Input:
= Beginning of Section =
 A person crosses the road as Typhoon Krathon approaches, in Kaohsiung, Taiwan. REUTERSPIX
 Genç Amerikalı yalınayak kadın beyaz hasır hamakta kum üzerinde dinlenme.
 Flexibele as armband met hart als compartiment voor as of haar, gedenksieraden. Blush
= End of Section =
= Beginning of Section =
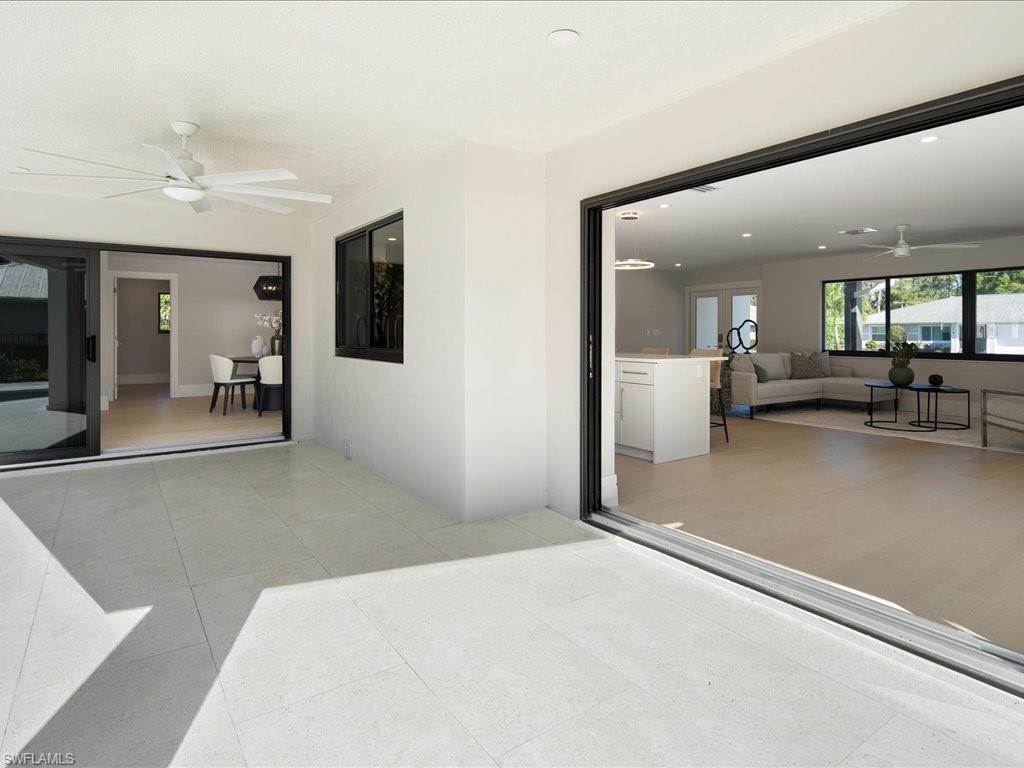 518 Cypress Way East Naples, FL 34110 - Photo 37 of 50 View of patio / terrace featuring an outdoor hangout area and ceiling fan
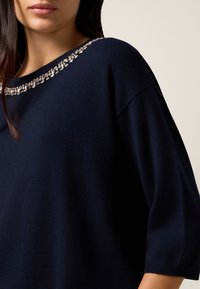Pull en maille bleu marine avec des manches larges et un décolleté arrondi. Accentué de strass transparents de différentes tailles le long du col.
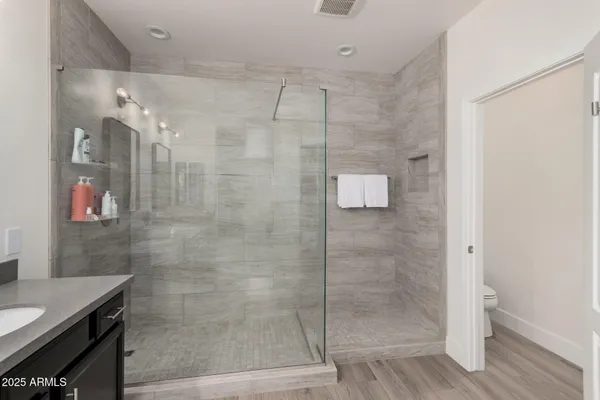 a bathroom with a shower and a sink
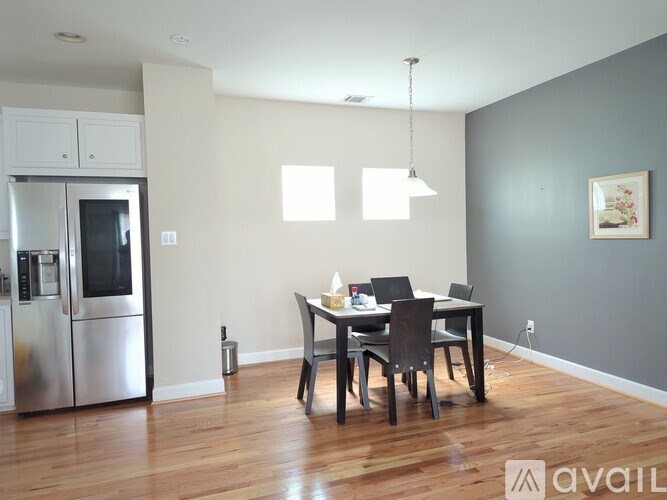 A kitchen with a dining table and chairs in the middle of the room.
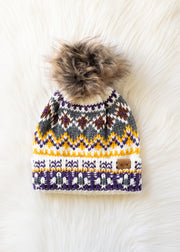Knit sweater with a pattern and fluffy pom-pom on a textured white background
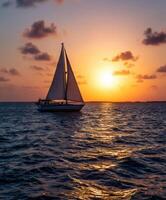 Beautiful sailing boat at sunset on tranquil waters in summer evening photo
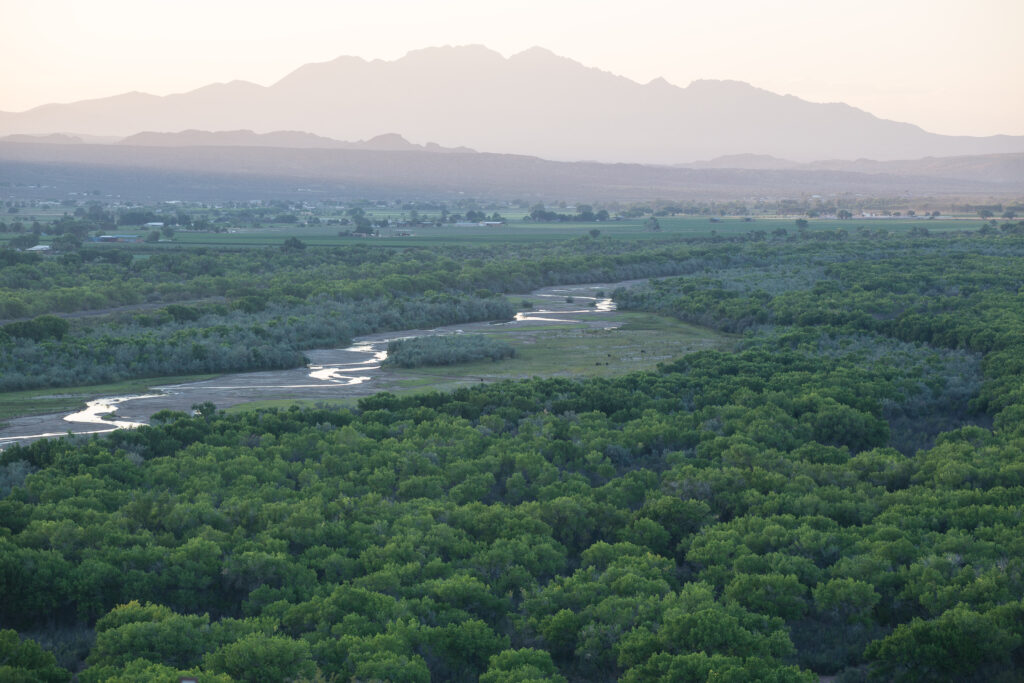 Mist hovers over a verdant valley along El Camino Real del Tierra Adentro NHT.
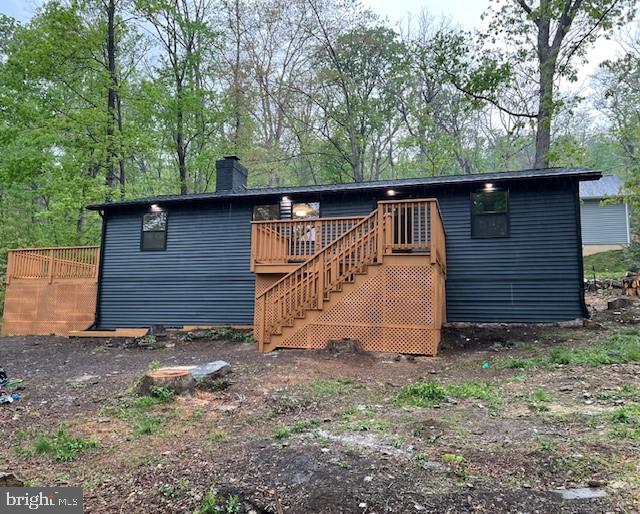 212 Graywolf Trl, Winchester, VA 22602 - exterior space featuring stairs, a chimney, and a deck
= End of Section =
= Beginning of Section =
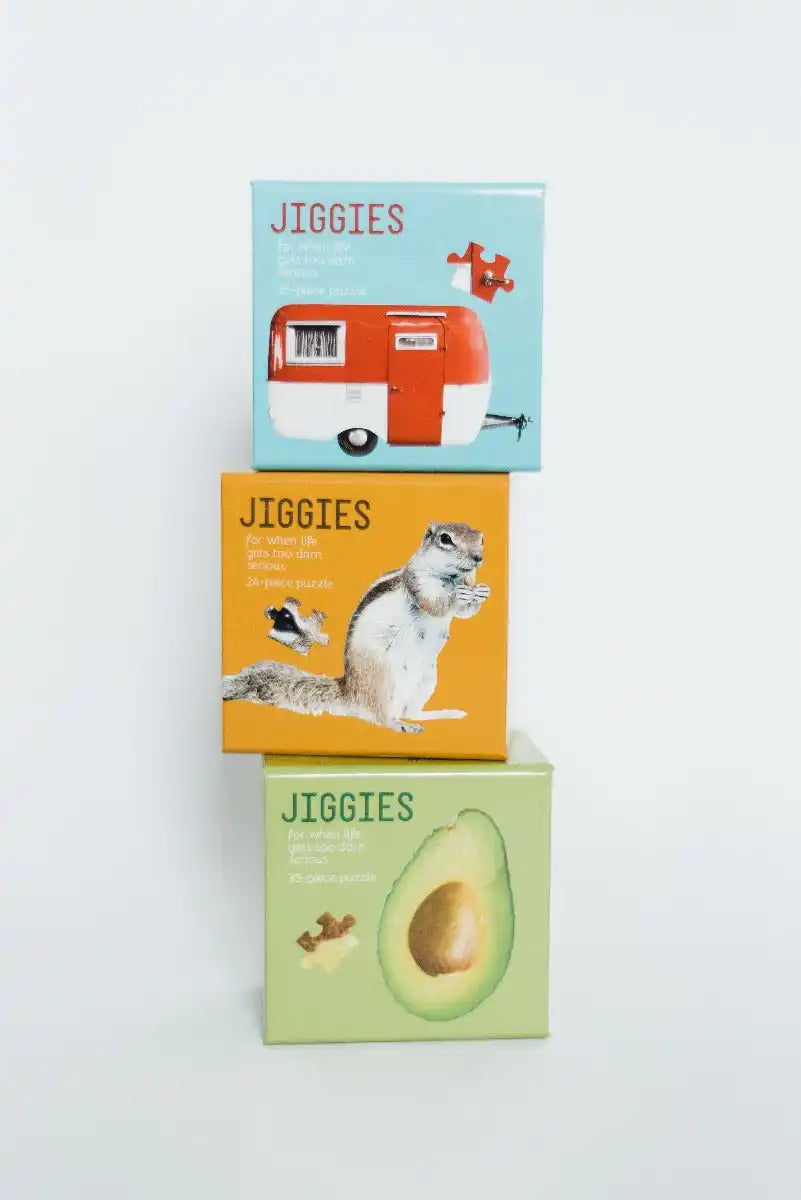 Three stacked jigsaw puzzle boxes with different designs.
= End of Section =
From the records above, copy only the lines running from the line containing "Pull en maille" to the line containing "212 Graywolf Trl, Winchester, VA", both ends included. Leave the pictures out.

Written response:
Pull en maille bleu marine avec des manches larges et un décolleté arrondi. Accentué de strass transparents de différentes tailles le long du col.
 a bathroom with a shower and a sink
 A kitchen with a dining table and chairs in the middle of the room.
Knit sweater with a pattern and fluffy pom-pom on a textured white background
 Beautiful sailing boat at sunset on tranquil waters in summer evening photo
 Mist hovers over a verdant valley along El Camino Real del Tierra Adentro NHT.
 212 Graywolf Trl, Winchester, VA 22602 - exterior space featuring stairs, a chimney, and a deck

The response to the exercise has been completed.